Tantuyo no es un proyecto cultural más. Es una apuesta por la infraestructura ciudadana de la cultura: una organización que no dependa de los ciclos políticos, que pueda acumular aprendizajes, construir memoria institucional y generar modelos replicables y sostenibles.

Llevamos apenas un año de existencia formal. Apenas estamos aprendiendo a balbucear. Pero también en este primer año hemos generado comunidad, facilitado encuentros genuinos y sostenido conversaciones que no ocurren en ningún otro lugar de esta ciudad. Lo hemos hecho sin esperar permisos para existir, porque entendimos desde el inicio que la cultura no nace de las instituciones: emerge a pesar de ellas.

Y, sin embargo, también sabemos que la sostenibilidad de estos espacios requiere un pacto distinto entre el Estado y la sociedad civil.
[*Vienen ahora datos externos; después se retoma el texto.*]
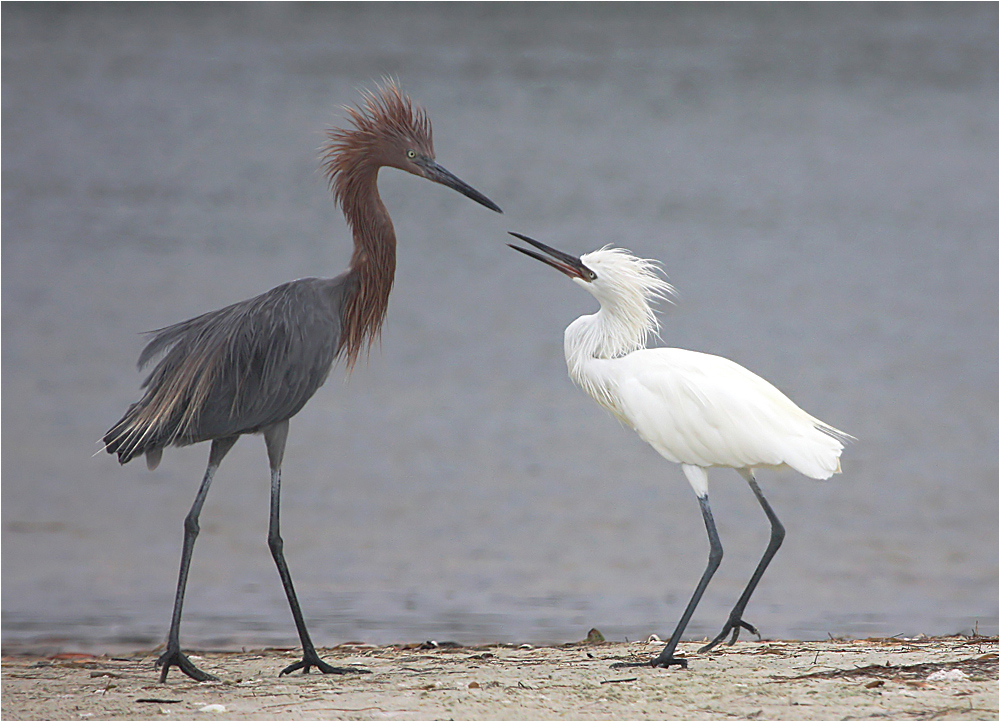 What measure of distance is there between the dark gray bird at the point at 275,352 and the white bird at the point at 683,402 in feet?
2.30

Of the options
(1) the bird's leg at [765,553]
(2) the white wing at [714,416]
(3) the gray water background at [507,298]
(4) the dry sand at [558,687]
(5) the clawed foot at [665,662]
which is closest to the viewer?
(4) the dry sand at [558,687]

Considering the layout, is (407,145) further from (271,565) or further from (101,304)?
(101,304)

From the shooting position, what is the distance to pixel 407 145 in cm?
562

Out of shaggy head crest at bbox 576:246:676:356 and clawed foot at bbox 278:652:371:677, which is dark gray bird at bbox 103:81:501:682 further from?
shaggy head crest at bbox 576:246:676:356

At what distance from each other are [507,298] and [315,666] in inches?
452

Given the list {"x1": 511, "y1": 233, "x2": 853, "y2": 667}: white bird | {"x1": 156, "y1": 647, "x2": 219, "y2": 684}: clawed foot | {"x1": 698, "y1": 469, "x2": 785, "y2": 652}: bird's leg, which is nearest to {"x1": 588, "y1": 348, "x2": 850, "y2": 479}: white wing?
{"x1": 511, "y1": 233, "x2": 853, "y2": 667}: white bird

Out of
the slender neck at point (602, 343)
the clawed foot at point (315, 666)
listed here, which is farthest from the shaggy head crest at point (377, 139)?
the clawed foot at point (315, 666)

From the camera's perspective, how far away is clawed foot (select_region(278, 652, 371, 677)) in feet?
16.9

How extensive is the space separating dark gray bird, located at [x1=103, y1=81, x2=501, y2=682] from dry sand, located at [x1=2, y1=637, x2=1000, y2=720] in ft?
1.01

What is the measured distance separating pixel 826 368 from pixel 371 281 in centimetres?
Result: 941

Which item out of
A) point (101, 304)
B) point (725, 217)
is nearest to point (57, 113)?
point (101, 304)

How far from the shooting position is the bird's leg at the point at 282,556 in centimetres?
518

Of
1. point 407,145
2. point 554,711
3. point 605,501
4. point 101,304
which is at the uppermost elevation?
point 101,304

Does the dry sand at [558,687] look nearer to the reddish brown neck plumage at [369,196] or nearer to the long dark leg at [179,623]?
the long dark leg at [179,623] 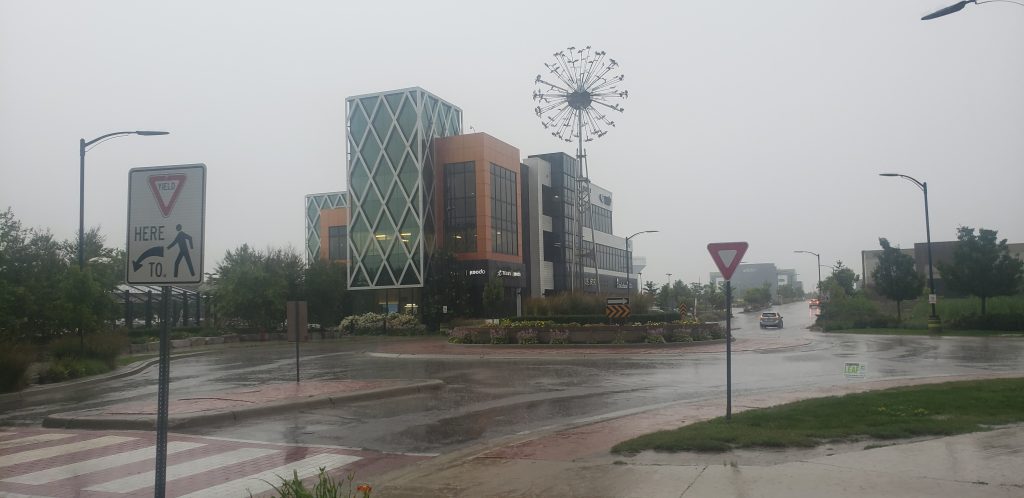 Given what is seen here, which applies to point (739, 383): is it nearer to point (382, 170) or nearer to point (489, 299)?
point (489, 299)

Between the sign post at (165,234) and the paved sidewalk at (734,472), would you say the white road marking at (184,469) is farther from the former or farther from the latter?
the sign post at (165,234)

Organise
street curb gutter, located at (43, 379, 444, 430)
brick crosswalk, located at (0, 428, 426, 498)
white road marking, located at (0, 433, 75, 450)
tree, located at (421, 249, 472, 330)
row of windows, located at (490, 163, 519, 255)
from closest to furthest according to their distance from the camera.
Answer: brick crosswalk, located at (0, 428, 426, 498), white road marking, located at (0, 433, 75, 450), street curb gutter, located at (43, 379, 444, 430), tree, located at (421, 249, 472, 330), row of windows, located at (490, 163, 519, 255)

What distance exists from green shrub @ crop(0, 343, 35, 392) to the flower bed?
19485 mm

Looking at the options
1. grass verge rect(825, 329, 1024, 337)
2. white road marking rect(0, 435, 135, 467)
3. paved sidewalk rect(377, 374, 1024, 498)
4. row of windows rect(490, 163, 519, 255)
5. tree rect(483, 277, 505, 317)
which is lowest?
grass verge rect(825, 329, 1024, 337)

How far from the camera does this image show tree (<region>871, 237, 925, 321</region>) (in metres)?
49.4

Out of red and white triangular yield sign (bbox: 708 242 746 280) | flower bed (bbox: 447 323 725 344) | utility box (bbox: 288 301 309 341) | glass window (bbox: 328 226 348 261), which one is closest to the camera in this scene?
red and white triangular yield sign (bbox: 708 242 746 280)

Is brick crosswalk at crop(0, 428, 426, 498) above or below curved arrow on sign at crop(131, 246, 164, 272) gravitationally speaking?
below

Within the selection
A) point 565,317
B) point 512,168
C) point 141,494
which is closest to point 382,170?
point 512,168

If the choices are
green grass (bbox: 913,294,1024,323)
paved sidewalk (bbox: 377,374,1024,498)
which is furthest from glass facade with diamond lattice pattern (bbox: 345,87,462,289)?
paved sidewalk (bbox: 377,374,1024,498)

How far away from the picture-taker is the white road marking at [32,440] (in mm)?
10617

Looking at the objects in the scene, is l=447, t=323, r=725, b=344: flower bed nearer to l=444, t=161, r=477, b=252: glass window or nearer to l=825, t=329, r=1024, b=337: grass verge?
l=825, t=329, r=1024, b=337: grass verge

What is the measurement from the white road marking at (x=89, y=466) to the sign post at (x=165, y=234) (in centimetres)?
396

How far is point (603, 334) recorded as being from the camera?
3303cm

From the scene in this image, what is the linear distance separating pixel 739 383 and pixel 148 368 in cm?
2273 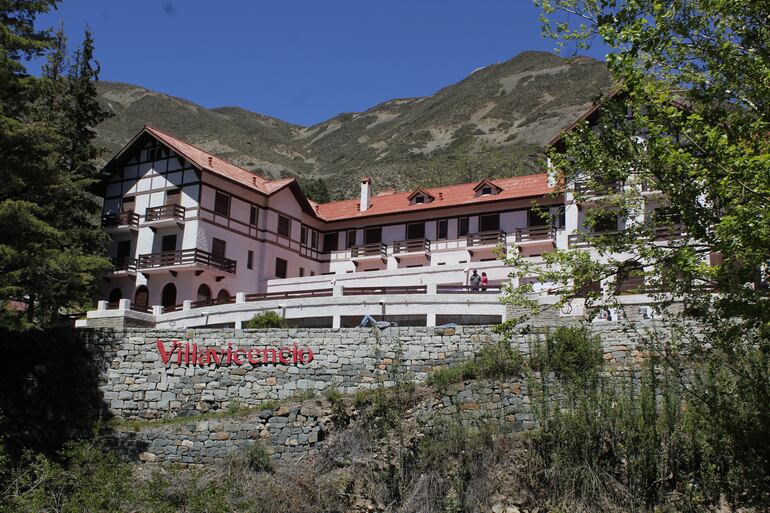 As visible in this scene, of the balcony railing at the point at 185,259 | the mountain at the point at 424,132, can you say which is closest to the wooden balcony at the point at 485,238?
the balcony railing at the point at 185,259

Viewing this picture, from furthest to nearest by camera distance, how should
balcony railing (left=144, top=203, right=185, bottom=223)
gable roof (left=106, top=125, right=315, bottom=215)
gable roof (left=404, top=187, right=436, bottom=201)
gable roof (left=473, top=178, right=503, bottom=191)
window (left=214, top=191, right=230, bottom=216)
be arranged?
1. gable roof (left=404, top=187, right=436, bottom=201)
2. gable roof (left=473, top=178, right=503, bottom=191)
3. window (left=214, top=191, right=230, bottom=216)
4. gable roof (left=106, top=125, right=315, bottom=215)
5. balcony railing (left=144, top=203, right=185, bottom=223)

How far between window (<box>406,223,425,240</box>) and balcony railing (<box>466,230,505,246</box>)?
327cm

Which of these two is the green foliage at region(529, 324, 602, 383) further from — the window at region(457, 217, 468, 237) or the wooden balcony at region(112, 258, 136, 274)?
the wooden balcony at region(112, 258, 136, 274)

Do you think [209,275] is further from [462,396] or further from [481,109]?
[481,109]

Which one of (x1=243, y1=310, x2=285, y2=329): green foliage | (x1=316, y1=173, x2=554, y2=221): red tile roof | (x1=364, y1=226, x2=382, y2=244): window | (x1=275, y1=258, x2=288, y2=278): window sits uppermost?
(x1=316, y1=173, x2=554, y2=221): red tile roof

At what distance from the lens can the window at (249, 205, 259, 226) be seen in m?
43.9

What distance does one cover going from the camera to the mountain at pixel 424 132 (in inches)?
4274

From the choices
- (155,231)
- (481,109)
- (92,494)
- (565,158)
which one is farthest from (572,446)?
(481,109)

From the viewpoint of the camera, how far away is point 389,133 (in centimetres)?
16438

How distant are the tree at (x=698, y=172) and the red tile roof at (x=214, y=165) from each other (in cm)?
2782

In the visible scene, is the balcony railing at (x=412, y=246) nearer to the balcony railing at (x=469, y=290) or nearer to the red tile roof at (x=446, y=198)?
the red tile roof at (x=446, y=198)

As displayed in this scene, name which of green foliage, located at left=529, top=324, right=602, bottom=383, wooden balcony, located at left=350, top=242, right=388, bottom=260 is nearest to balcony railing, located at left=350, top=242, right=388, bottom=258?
wooden balcony, located at left=350, top=242, right=388, bottom=260

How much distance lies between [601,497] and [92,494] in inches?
550

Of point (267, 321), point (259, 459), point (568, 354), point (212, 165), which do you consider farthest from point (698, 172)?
point (212, 165)
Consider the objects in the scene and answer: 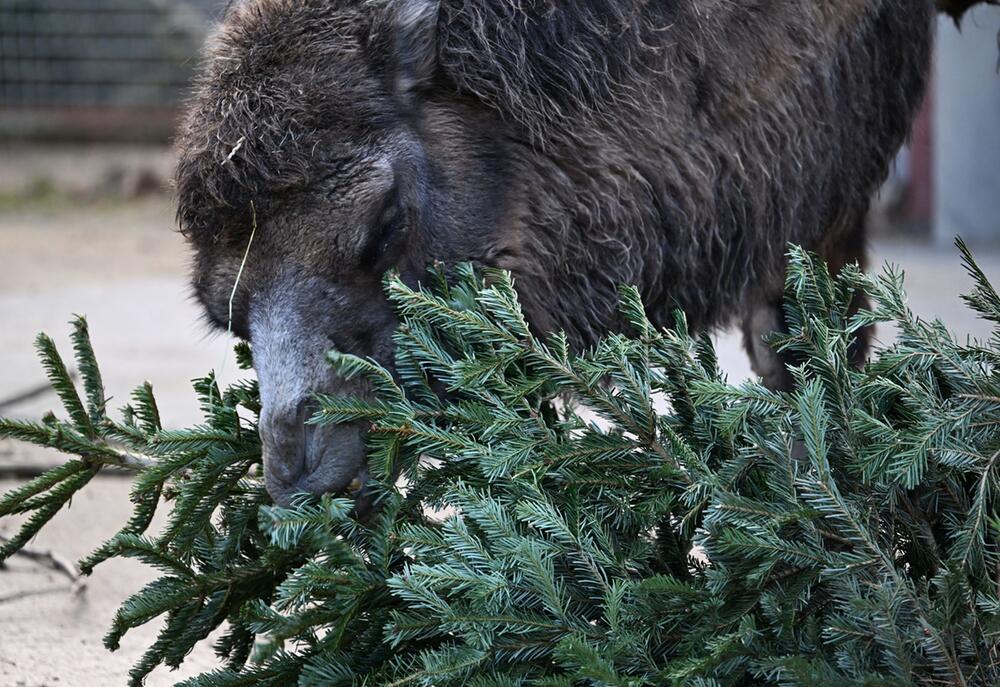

Un pacto donde:

  • No se vea a las organizaciones civiles como competencia del Estado, sino como aliados estratégicos en la gestión cultural.
  • La regulación exista para facilitar, no para obstruir el surgimiento de espacios independientes.
  • Los apoyos públicos se asignen con criterios de impacto, resultados y sostenibilidad, no de cercanía política o clientelismo cultural.
  • Existan mecanismos de evaluación, transparencia y mejora continua que trasciendan sexenios.

Aquí también es necesaria una autocrítica: las organizaciones civiles no son moralmente superiores por definición. También pueden corromperse, también pueden perder rumbo. La diferencia es que, al operar bajo lógicas más compactas, evaluables y orientadas a resultados, tienen mayor capacidad de corrección, diversidad y evolución. La rendición de cuentas no es una carga: debe ser su ejemplo.

Artistas, gestores culturales, funcionarios públicos, académicos y ciudadanos: les invito a conocer Tantuyo. No como un acto de generosidad, sino como un ejercicio de corresponsabilidad. Para ver lo que se puede construir cuando la convicción ciudadana no espera al Estado, pero tampoco renuncia a exigirle que cumpla su papel.

Nuestra lucha no es contra las instituciones, sino por instituciones mejores. Por un Estado que fertilice en lugar de controlar. Por una burocracia que facilite en lugar de asfixiar. Por un sistema que entienda que la cultura no se administra: se cultiva.

La cultura también es mi derecho. Y ejercerlo no debería ser un acto de heroísmo burocrático, sino una práctica cotidiana de ciudadanía.

Los espero en Tantuyo. La puerta está abierta.